Il network di Aidp conta migliaia di soci e una presenza capillare sul territorio. In che modo e con quali obiettivi l’associazione supporta i manager in questo periodo di cambiamento?
Aidp accoglie le persone che si occupano di persone. In questo senso le 20 aree di lavoro e i 17 gruppi regionali sono a servizio del singolo socio per ogni sua esigenza professionale come networking, formazione, confronto, studio, analisi, approfondimento, certificazione delle competenze. E questa è solo una delle tante attività che mettiamo in campo per soddisfare il fabbisogno di un mondo HR in continuo mutamento. In particolare, l’area People Caring risponde alla volontà di prendersi letteralmente cura dei soci, ascoltando le loro esigenze di networking e di supporto personale e professionale per quanto riguarda lo sviluppo di nuove competenze e conoscenze. Attraverso quest’area intendiamo promuovere una relazione ancora più intensa con la nostra community, fornendo a ogni socio tutte le informazioni sui nostri servizi, in modo che possa sentirsi parte integrante della vita associativa.
Il Centro Ricerche, poi, è il vero e proprio punto di osservazione di Aidp. Rileva e approfondisce i cambiamenti in atto nel mondo del lavoro grazie al supporto dei soci e alla collaborazione con enti, istituzioni e università. È anche un’area di supporto ai professionisti che operano nella Direzione del Personale, per rilevare i fenomeni in corso e aumentare la consapevolezza del ruolo dell’associazione.
Forte anche l’attenzione ai temi umanitari: ci racconta come è nato il recente l’accordo con Unhcr per agevolare la collocazione sul lavoro dei rifugiati politici?
A febbraio 2021 Aidp e Unhcr hanno sottoscritto un Memorandum d’intesa per il progetto “Welcome – Working for Refugee Integration”, con lo scopo di promuovere l’inserimento lavorativo di Rifugiati e Richiedenti Asilo. Attraverso diverse iniziative quali la diffusione di materiali e strumenti per le aziende che vogliano procedere con la loro assunzione, la formazione mirata per le imprese sui temi della protezione internazionale e della diversità in azienda e lo scambio di buone prassi sul loro inserimento nel mercato del lavoro. Insieme abbiamo creato una serie di tavoli tecnici regionali (al momento ne sono stati realizzati cinque), che toccheranno tutti i 17 gruppi regionali. L’area Inclusion dell’associazione ha svolto e continua a svolgere delle attività fondamentali per la realizzazione di questi tavoli.

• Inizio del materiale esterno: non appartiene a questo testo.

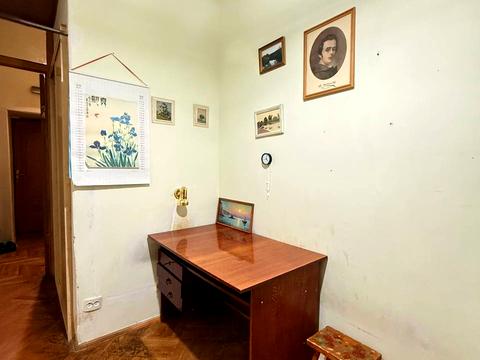 квартира по адресу Берестейский просп. (Победы), 37-Ж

La formazione manageriale è tra i pilastri della vostra mission. L’ultimo osservatorio di Asfor e Cfmt parla di evoluzioni legate a culture, competenze e mentalità. Quali sono oggi le principali sfide per l’aggiornamento dei direttori del personale?

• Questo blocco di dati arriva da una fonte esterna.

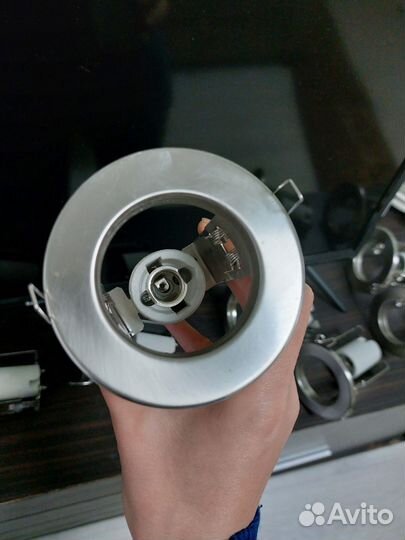 Плафон потолочный е14 8шт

Attraverso la formazione bisogna mettere a sistema qualità e vocazioni di tutte le persone. L’obiettivo aziendale non deve essere omologare a un modello precostituito, bensì unire, valorizzare e responsabilizzare qualità e idee delle proprie risorse. Mantenendo come imprescindibile la formazione delle persone con skill tecniche, si deve innovare la formazione rispetto alla metodologia (con attività veloci e ludiche) e anche dal punto di vista dei contenuti, più vicini alle necessità aziendali.
In questo Aidp rappresenta sicuramente un anello di congiunzione importante tra le esigenze delle organizzazioni e la formazione stessa. Per questo sono nate l’area Master e Formazione e l’area Pubblica Amministrazione, con lo scopo di recepire i fabbisogni formativi sia delle organizzazioni private sia quelle pubbliche. E offrire supporto concreto attraverso strumenti quali il mentoring, al fine di affiancare la persona aiutandola a crescere. Non dimentichiamo che, secondo il report “Future of Jobs 2020” del World Economic Forum, entro il 2025 la metà della forza lavoro dovrà adeguare le proprie competenze alle trasformazioni in atto.
Le skill sono:
- pensiero analitico e innovazione;
- apprendimento attivo e strategie di apprendimento;
- capacità di risolvere problemi complessi;
- pensiero critico e capacità di analisi;
- reattività, originalità e spirito d’iniziativa;
- leadership e influenza sociale;
- uso di tecnologie, monitoraggio e controllo; progettazione e programmazione tecnologica;
- resilienza, gestione dello stress e flessibilità;
- ragionamento, problem solving e ideazione.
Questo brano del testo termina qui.